Il est également mentionné que : « Non seulement les médias doivent-ils identifier clairement les textes et les émissions publicitaires, mais ils doivent les présenter dans une forme qui les distinguent de façon manifeste, par leur mise en page ou leur mise en ondes, des textes et des émissions qui relèvent de l’information journalistique. Cela est d’autant plus important dans le cas des publireportages dans la mesure où ceux-ci empruntent justement les formes de traitement et de présentation de l’information journalistique. » (DERP, p. 31)
Le Conseil observe d’emblée que la mention XTRA ne se rapporte à aucun mot français désignant une publicité ou un élément promotionnel. Il s’agit d’un terme inventé, suggérant le mot « extra », qui non seulement n’indique pas qu’un annonceur a payé pour la création d’un contenu, mais pourrait bien convenir comme titre d’une section s’ouvrant sur un reportage journalistique, par exemple. Pour le Conseil, ce terme « XTRA » entraîne un degré de confusion qui ne permet pas d’établir une distinction nette entre l’information journalistique et la publicité.
Le Conseil juge également que la différence entre les polices de caractère utilisées dans la section XTRA et dans les sections rédactionnelles n’est pas suffisamment importante pour aider le lecteur à faire la distinction entre les deux types de contenu.
De la même façon, on doit reconnaître que l’encadré gris ne peut être considéré comme une référence acceptée et reconnue par tous en matière de distinction de ce qui relève du publicitaire et de ce qui relève du rédactionnel.
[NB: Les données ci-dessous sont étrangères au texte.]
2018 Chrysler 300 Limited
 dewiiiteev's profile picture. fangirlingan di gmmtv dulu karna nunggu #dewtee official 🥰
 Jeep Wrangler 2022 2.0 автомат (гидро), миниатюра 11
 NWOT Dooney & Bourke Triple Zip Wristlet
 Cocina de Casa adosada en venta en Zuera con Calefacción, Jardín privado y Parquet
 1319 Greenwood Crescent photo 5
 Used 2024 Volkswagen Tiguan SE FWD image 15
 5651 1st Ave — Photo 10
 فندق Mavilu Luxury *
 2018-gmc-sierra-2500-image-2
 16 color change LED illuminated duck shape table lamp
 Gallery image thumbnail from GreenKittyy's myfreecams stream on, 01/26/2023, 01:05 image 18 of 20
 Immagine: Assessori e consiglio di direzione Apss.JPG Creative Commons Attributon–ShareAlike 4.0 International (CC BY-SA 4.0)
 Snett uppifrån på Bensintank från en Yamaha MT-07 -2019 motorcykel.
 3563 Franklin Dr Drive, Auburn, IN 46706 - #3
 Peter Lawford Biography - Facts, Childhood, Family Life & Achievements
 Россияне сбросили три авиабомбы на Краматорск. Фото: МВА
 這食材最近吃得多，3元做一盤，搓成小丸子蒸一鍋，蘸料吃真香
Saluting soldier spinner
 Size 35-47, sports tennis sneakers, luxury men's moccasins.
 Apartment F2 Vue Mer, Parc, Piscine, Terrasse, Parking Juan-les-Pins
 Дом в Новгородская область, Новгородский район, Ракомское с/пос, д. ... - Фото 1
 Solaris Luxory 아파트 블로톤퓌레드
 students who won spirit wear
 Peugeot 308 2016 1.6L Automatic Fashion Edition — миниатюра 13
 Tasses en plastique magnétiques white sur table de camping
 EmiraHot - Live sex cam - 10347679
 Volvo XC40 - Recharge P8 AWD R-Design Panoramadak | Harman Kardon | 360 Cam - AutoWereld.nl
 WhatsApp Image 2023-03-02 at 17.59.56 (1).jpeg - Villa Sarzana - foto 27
Il s’agit plutôt d’un code, créé par La Presse+, et qui n’a pas la portée d’une convention.
De même l’absence de signature ne peut agir, à elle seule, comme un élément distinctif de la publicité.
Ainsi, on doit conclure que ces éléments et les autres moyens cités par les mis en cause, qu’ils soient considérés individuellement ou de façon combinée, ne parviennent pas à identifier clairement les contenus publicitaires visés par la présente plainte et à les distinguer de façon manifeste du contenu journalistique.
Il est à noter qu’aux yeux du Conseil, il est également important que le commanditaire d’un contenu soit identifié clairement. S’il est vrai que dans les cas des textes « Facile et utile le sans-fil » et « Décrochez pour le temps des Fêtes », figurait, aux côtés de la mention XTRA, le nom des annonceurs (Stéréo+ et Telus), reste que le ou les commanditaires des deux autres textes sont passés sous silence. En effet, l’expression « industrie pétrolière » est vague et ne permet pas d’identifier qui paye pour le contenu présenté.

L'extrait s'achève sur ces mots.